If you are planning on selling your home in the future, you may want to stick with a more neutral color that will be more flexible for potential buyers’ decorating tastes. It is also a good idea to choose a stain that will hold up well under sunlight, as darker stains tend to fade more quickly than lighter stains.
Once you have chosen the stain for your new floor, it is a good idea to test it out in different rooms and lighting conditions. This will help you see how it looks under different lighting and in different furniture, and will allow you to get a better sense of the color in the space.
The refinishing process will cover the hardwood planks with an even, clear coating that protects them from damage. This finish can be a simple sealant or something more substantial, like polyurethane. The type of finish you choose depends on the color and grain of the wood, as well as how much wear and tear your floors get.

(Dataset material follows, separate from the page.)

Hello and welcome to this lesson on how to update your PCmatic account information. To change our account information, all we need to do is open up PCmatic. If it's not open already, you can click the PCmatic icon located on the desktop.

To refinish your floors, first remove all furniture. Then, vacuum and sweep the flooring thoroughly to remove all dirt, dust, and hair from the floorboards. Then, close the windows and doors to keep the dust contained. You’ll also want to turn off your furnace so that the sanding process doesn’t blow dust all over the room.
Once the sanding is finished, vacuum and sweep the floor again, then mop with a hardwood cleaning solution or your own mix of 10 parts water to 1 part white vinegar. Allow the floor to dry completely before you use it again.

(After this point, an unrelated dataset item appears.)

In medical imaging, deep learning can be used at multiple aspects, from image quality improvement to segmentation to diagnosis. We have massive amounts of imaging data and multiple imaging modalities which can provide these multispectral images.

Next, stain the floorboards. Choose a color that suits the style of your home, then apply the stain with a foam applicator pad in small sections at a time. It’s important to follow the directions on the stain package, as it may require a few hours or more to dry completely.
Finally, apply the topcoat of polyurethane. This clear, plastic-like substance can come in a variety of finishes, from matte to glossy. Choose a water-based version that dries quickly and is easy to clean, or opt for an oil-based polyurethane that’s slower to dry but produces a smoother, more elegant finish. If you choose the latter option, test a sample area of your floor by brushing on a thin stripe along the baseboards.